- [YOUR ASSIGNMENT]:
Below are the entries. Print only the lines starting at the one with "Kotty Men Relaxed" and ending at the one with "Hand-Knit Coquette Heart", exactly, with no pictures.
[DATA SHOWN]
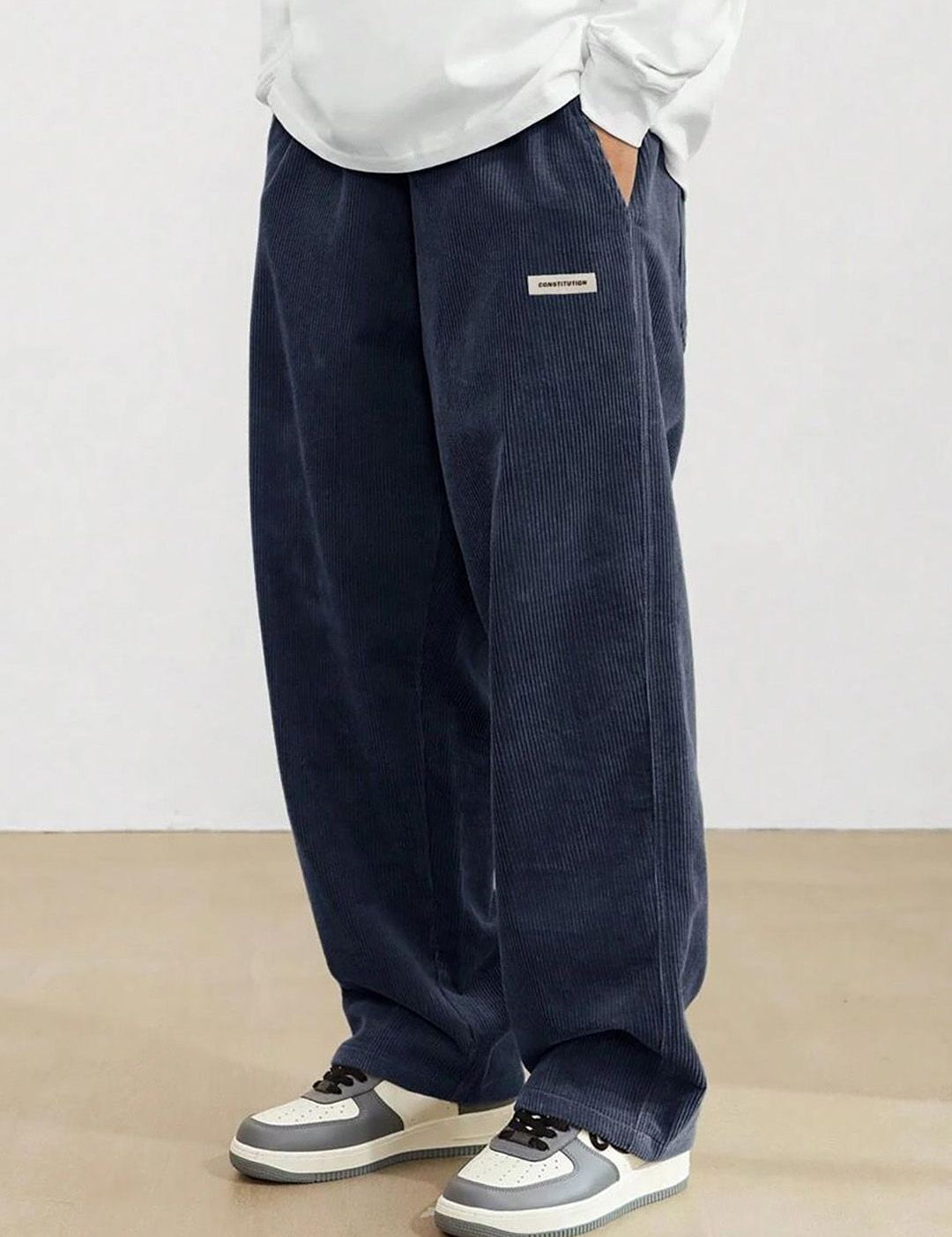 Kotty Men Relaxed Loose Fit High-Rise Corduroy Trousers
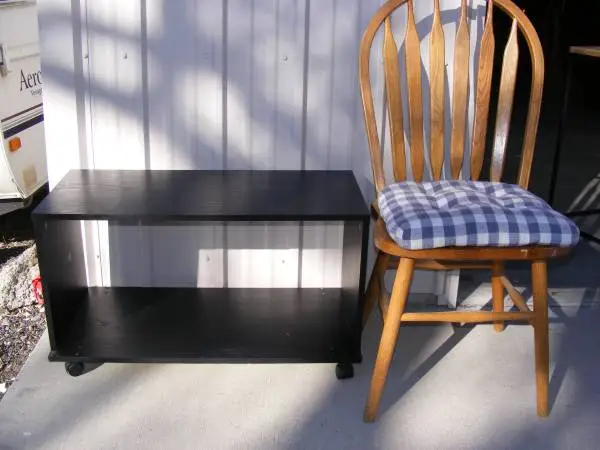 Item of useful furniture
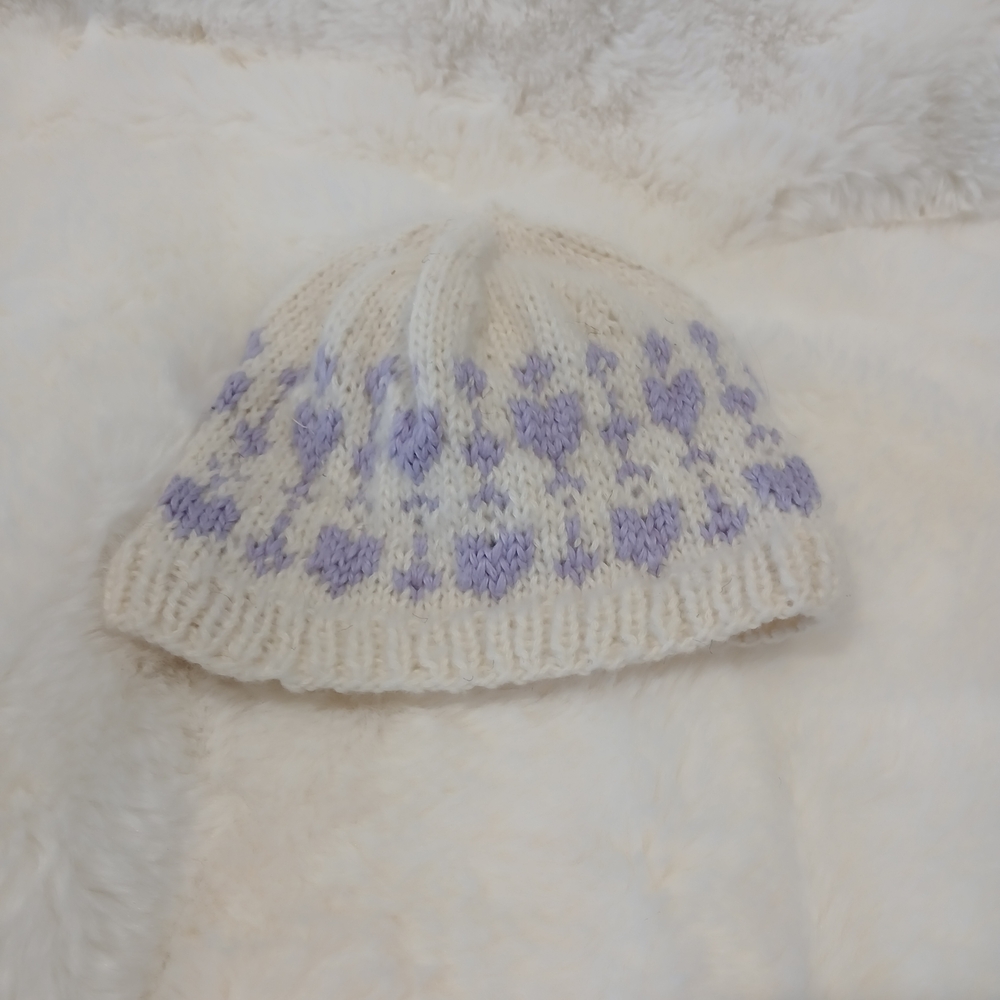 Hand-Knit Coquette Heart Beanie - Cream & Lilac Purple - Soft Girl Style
[/DATA SHOWN]
[DATA SHOWN]
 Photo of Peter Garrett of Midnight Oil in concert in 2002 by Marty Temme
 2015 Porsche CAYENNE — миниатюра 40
[/DATA SHOWN]
[DATA SHOWN]
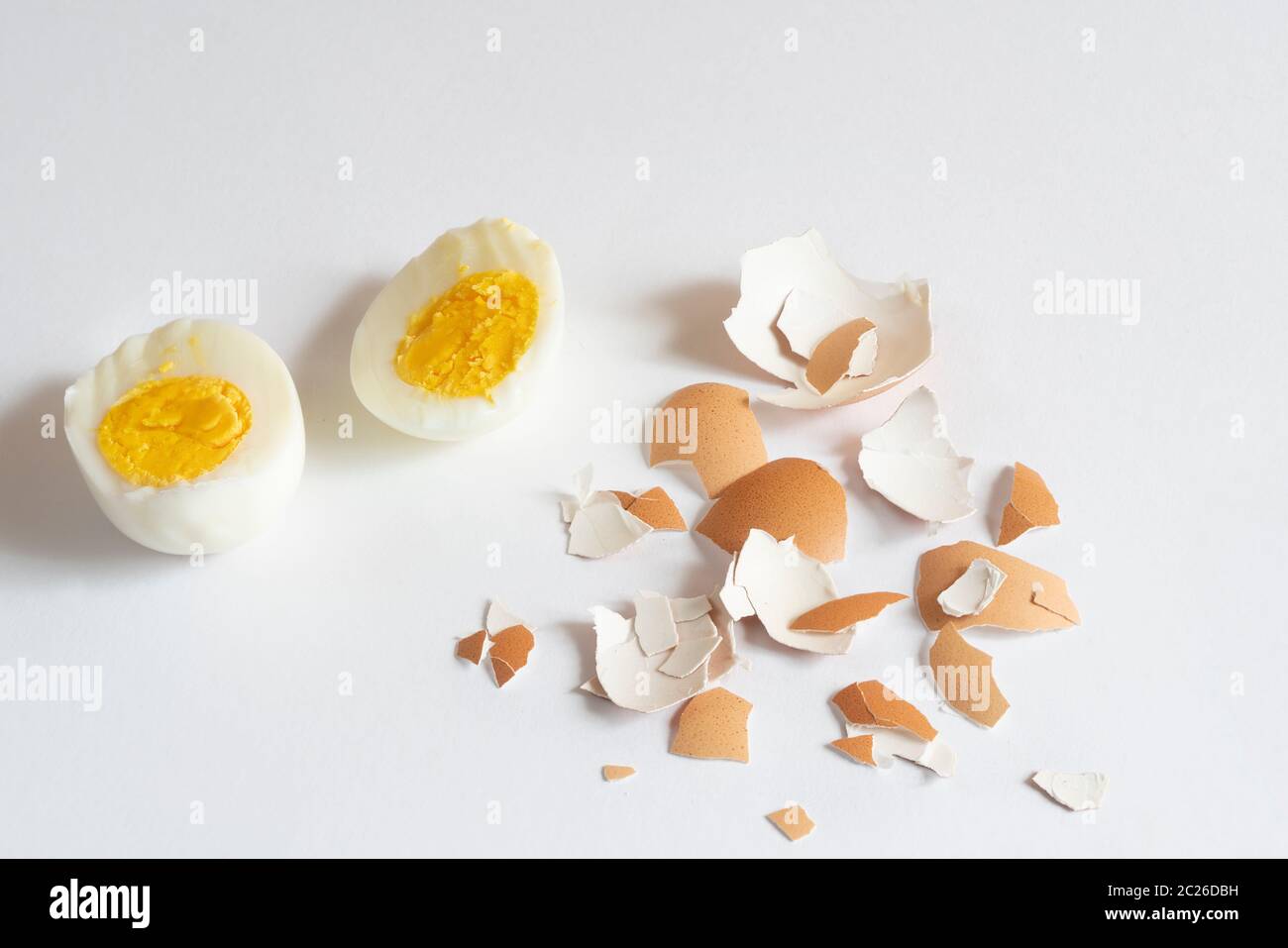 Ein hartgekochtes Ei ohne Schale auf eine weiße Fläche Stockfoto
[/DATA SHOWN]
- [ANSWER TO THIS EXERCISE]:
 Kotty Men Relaxed Loose Fit High-Rise Corduroy Trousers
 Item of useful furniture
 Hand-Knit Coquette Heart Beanie - Cream & Lilac Purple - Soft Girl Style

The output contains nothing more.